As a product manager, you are bound to have a million things on your plate. You’re juggling roadmaps, backlogs, stakeholders, and a whole lot more. But have you ever stopped to think about brand loyalty? You know, that elusive thing that makes customers stick around like glue? If not, here’s your chance to learn more about it.
Brand loyalty isn’t something that always makes it to the top of our priority list, but it’s as crucial to our work as product people. Now, you might be thinking, “Brand loyalty? Isn’t that a marketing thing? Or even customer success?” Well, yes and no.
While it’s true that our business-facing teams often lead the charge in building brand loyalty, we as product managers play a crucial role in this process too. It’s time we started paying more attention to it.
Brand loyalty is when your customers love you so much they wouldn’t dream of going anywhere else.
It is the act of creating a positive association so consumers attach to a particular product or brand, leading them to become repeat customers and, ideally, brand advocates. It’s the holy grail of customer retention and a key driver of sustainable growth.
If we’re looking at the competitive market, think of it as the secret sauce that can not just help you gain traction with new customers (through things like referrals), but continuously expand your market share.
Alright, let’s get down to the nitty-gritty: how does brand loyalty actually impact product management?
When customers are loyal to your brand, they’re more likely to stick with you no matter what (let’s of course be reasonable here.) This is key, as we know that often launches don’t always go as planned. Whether you run into a hiccup, a somewhat embarrassing bug, or an oh-my-god-things-are-on-fire situation (which hopefully won’t happen often!) — loyal customers are more willing to forgive these situations.

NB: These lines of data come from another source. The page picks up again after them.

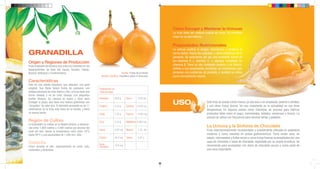 Cómo Escoger y Mantener la Uchuvas
                                                                                                                      La fruta debe ser madura cuando se come. Se mantiene
                                                                                                                      mejor en su piel externa.

                                                                                                                      Propiedades Nutricionales
                                                                                                                      La uchuva purifica la sangre, reconstruye y fortalece el
GRANADILLA                                                                                                            nervio óptico, limpia las cataratas, y alivia problemas de la
                                                                                                                      garganta. Se caracteriza por ser una excelente fuente de
                                                                                                                      pro-vitamina A y vitamina C, y algunos complejos de
Origen y Regiones de Producción
Fruta originaria de América que crece en Colombia en los                                                              vitamina B. Tiene un alto contenido proteico y de fósforo.
departamentos de Valle del Cauca, Quindío, Caldas,                                                                    Debido a sus propiedades diuréticas, se recomienda para
Boyacá, Antioquia y Cundinamarca.                                                     Familia: Frutas de la Pasión    personas con problemas de próstata, y también se utiliza
                                                                 Nombre Científico: Passiflora edulis fv flavicarpa   como tranquilizante natural.
Características
Esta es una planta trepadora que adquiere una gran
longitud. Sus flores tienen forma de campana, con              Composición en
pétalos tubulares de color blanco y lila. La fruta tiene una   100g de pulpa
forma ovalada y es de color naranja, con pequeños
puntos blancos. Su cáscara es suave y dura, para               Humedad          69.9 g     Hierro       0.58 mg
proteger la pulpa, que tiene una textura gelatinosa con
"ampollas" de color gris. El diámetro promedio es de 11        Proteína         0.34 g     Carotina    0.035 mg
                                                                                                                      USO                          Esta fruta se puede comer fresca ya sea sola o en ensaladas, postres o almíbar
                                                                                                                                                                     e        fresca,                ensaladas            almíbar,
                                                                                                                                                   y con otras frutas dulces. Un uso importante en la actualidad es con fines
centímetros. Es la fruta más dulce de su familia, y tiene                                                                                          terapéuticos. En algunos países como Colombia, se procesa para fabricar
un aroma fuerte.                                               Grasa            1.50 g     Tiamina     0.002 mg                                    productos tales como el yogur, mermeladas, helados, conservas y licores. La
                                                                                                                                                   uchuva se utiliza con frecuencia para decorar tartas y pasteles.
Región de Cultivo                                              Fibra            3.20 g     Riboflavina 0.063 mg
La Granadilla se cultiva en la Región Andina, a elevacio-
nes entre 1,800 metros y 2,400 metros por encima del
                                                                                                                                                   La Uchuva y la Sinfonía de Chocolate
                                                               Calcio           5.60 mg    Niacina      1.42 mg                                    Fruta internacionalmente recomendada y ampliamente utilizada en pastelería
nivel del mar, donde la temperatura varía entre 18°C
hasta 26°C y una pluviosidad de 1,200 mm. /año.                                                                                                    moderna y como novedad en platos gastronómicos. Tiene varios usos, en
                                                               Fósforo          44.0 mg    Ceniza       0.87 g                                     salsas, mermeladas y frutas secas o como frutas frescas acompañadas por una
Cosecha                                                                                                                                            capa de chocolate o salsa de chocolate, soportada por su propia envoltura. Se
                                                               Ácido            10.8 mg                                                            recomienda para acompañar con dulce de chocolate oscuro o como parte de
Crece durante el año, especialmente en junio, julio,           Ascorbico
noviembre y diciembre.                                                                                                                             una cena importante.
 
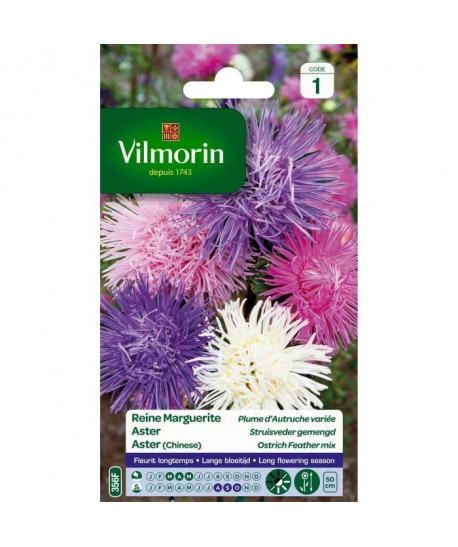 VILMORIN Reine marguerite Plume d\'Autruche variée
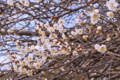 20120311130010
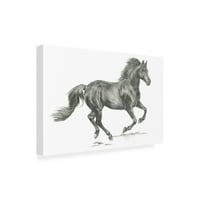 Zaštitni znak likovne umjetnosti portret divljeg konja iz Amerike, ulje na platnu Jennifer Puckstone Parker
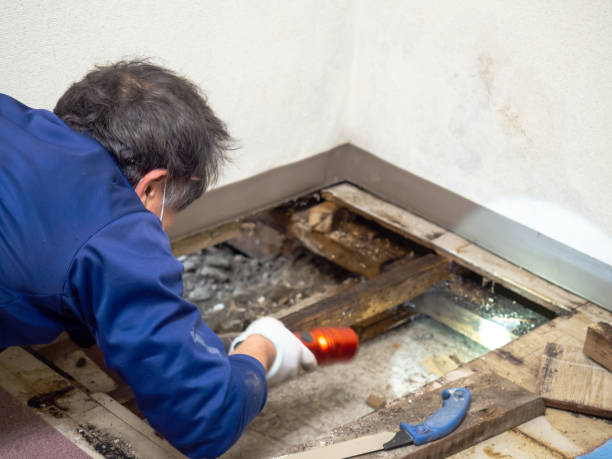 Best Mold Testing and Inspection Services in Grand Coulee, WA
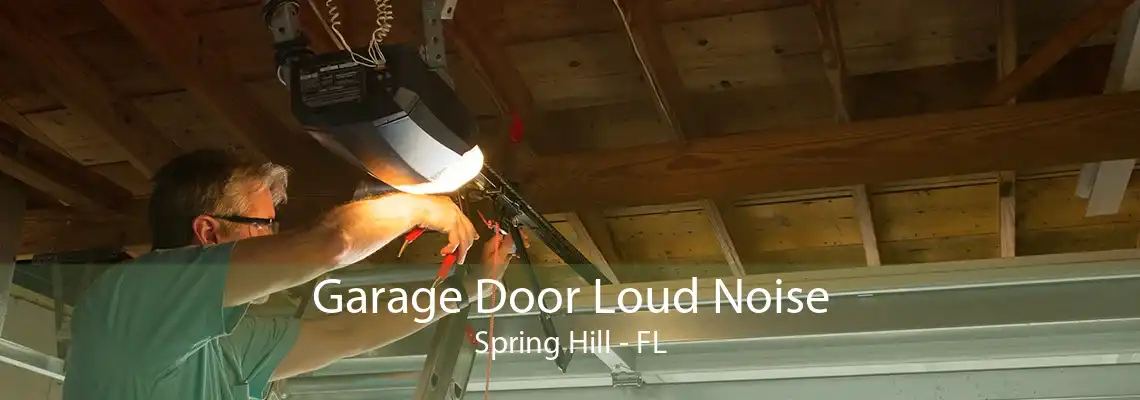 Garage Door Loud Noise Spring Hill - FL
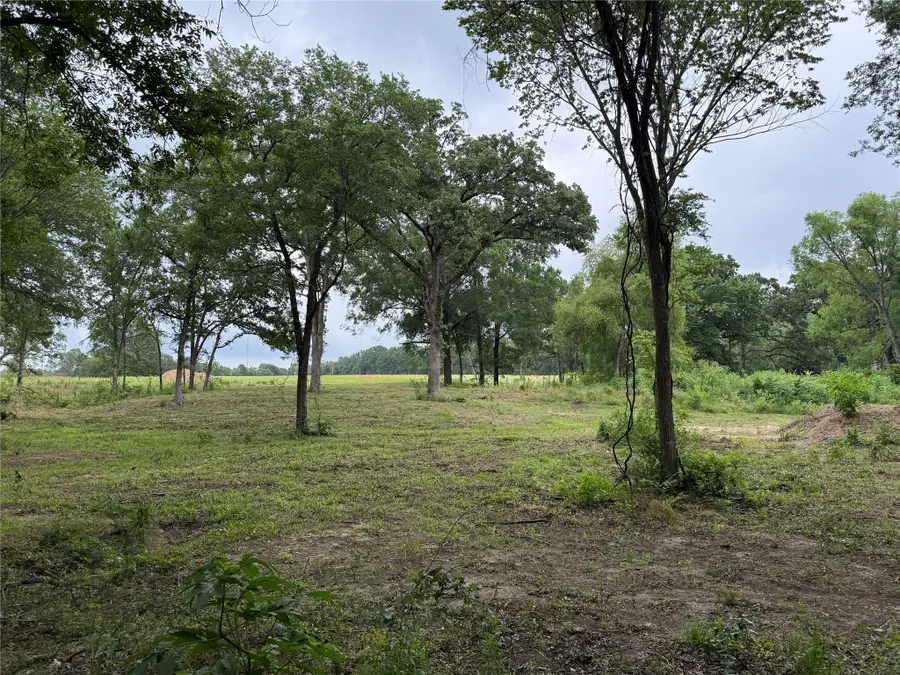 200 Livingston Street, Edgewood, TX 75117 - #3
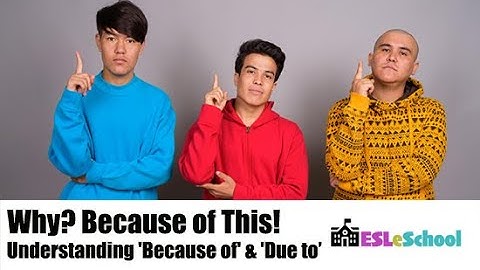 Why? Because of This! Understanding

Brand loyalty can also supercharge your product development, as loyal customers are often your most engaged users. They’re more likely to join beta testing programs, provide feedback, and help you understand what’s working and what’s not. Work with your marketing and success teams to create community programs that include access to beta features, and not only will you gain insight quickly, but also have the opportunity to build a relationship with your customers.
But that’s not all! Brand loyalty can also have a big impact on your bottom line. Loyal customers are more likely to become repeat customers, which can increase your customer lifetime value (CLTV) and reduce your customer acquisition costs (CAC). They’re also more likely to become brand advocates, spreading the word about your product and bringing in new customers.
As I said earlier, these are not just “marketing” things to worry about. Every product manager must be commercially focused in order to understand how product development is having an impact on the entire organization.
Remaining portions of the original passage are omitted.